2. Самое понятие о народности между нами также совершенно различно. Тот разумеет под этим словом один так называемый простой народ; другой — ту идею народной особенности, которая выражается в нашей истории; третий — те следы церковного устройства, которые остались в жизни и обычаях нашего народа, и пр. и пр. Во всех этих понятиях есть нечто общее, есть и особенное. Принимая это особенное за общее, мы противоречим друг другу и мешаем правильному развитию собственных понятий. К тому же каждое из этих особых понятий противоречит само себе и потому доказывает неразвитость сознания. Так, например, в стремлении к народности полагают условие, так сказать, нашего спасения, и возможность просвещения русского, и спасения Европы, и развития науки и изяществ и пр. и пр., а между тем народность ограничивать простонародностью — значит отрезывать от начала народного все то, чего в этой простонародности не заключается, а что в ней заключается действительно народного, то принимать в виде одностороннем, т. е. особенное отражение его в простонародности почитать за его нормальное выражение. Если же прибавим, что при этом понятии требуется от каждого, кто не хочет погибнуть, как хворост в печи, чтобы он все усилия своего духа употребил на то, чтобы умиротворить в себе все, что может быть противно этой народности, и образовать себя и внутренно и внешне согласно понятиям и вкусам простого народа, то нельзя не согласиться, что в этом требовании заключается еще более несознательности.

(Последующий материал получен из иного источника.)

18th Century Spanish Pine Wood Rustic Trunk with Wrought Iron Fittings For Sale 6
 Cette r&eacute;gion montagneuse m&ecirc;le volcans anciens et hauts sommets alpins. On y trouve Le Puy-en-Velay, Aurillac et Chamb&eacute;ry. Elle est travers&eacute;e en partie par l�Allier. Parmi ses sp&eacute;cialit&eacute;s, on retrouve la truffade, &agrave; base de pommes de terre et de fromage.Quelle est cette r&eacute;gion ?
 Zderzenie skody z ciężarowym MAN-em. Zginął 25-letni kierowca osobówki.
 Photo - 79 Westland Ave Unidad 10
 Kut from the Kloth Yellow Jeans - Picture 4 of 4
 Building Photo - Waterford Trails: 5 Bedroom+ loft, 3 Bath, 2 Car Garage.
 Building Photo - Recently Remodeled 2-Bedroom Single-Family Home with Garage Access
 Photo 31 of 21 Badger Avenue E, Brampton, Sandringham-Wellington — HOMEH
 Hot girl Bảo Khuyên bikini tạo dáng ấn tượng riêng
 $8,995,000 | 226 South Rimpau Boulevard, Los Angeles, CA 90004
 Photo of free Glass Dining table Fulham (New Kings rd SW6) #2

Ибо если можно требовать от человека, чтобы он работал над самим собою в виду Первообраза истины, то это понятно потому, что дело идет о Первообразе истины; а работать над собою для достижения простонародности можно бы было в таком только случае, если бы простонародность эта была непосредственным воплощением Самой истины. Но как это предположить несообразно, то и требование остается как невозможное.
Также легко можно доказать, что и другие особенные понятия о народности заключают в себе внутреннее противоречие, как скоро мы примем их за полное выражение нашей народности вообще. А между тем народность в ее общем начале до сих пор еще нами не сознана и не выражена. Оттого понятия наши смешаны, требования необязательны и сочувствия неплодоносны.
Третье важное разногласие между нами заключается в понятии об отношениях народа к государственности. Здесь самые резкие крайности во мнениях делают всякое соглашение совершенно невозможным. А между тем мы не отдаем друг другу, а может быть, и себе самим, отчета в тех началах, из которых особенность наших мнений проистекает, и притом уже несколько лет стоим друг подле друга, не соединяясь, и, беспрестанно обращаясь в окольных мыслях, не подвигаемся ни на шаг вперед.
Не соглашаясь в этих понятиях, естественно, что мы расходились и в бесчисленном множестве понятий производных и второстепенных, которые в применяемости своей к жизни дают ей решительно тот или другой смысл.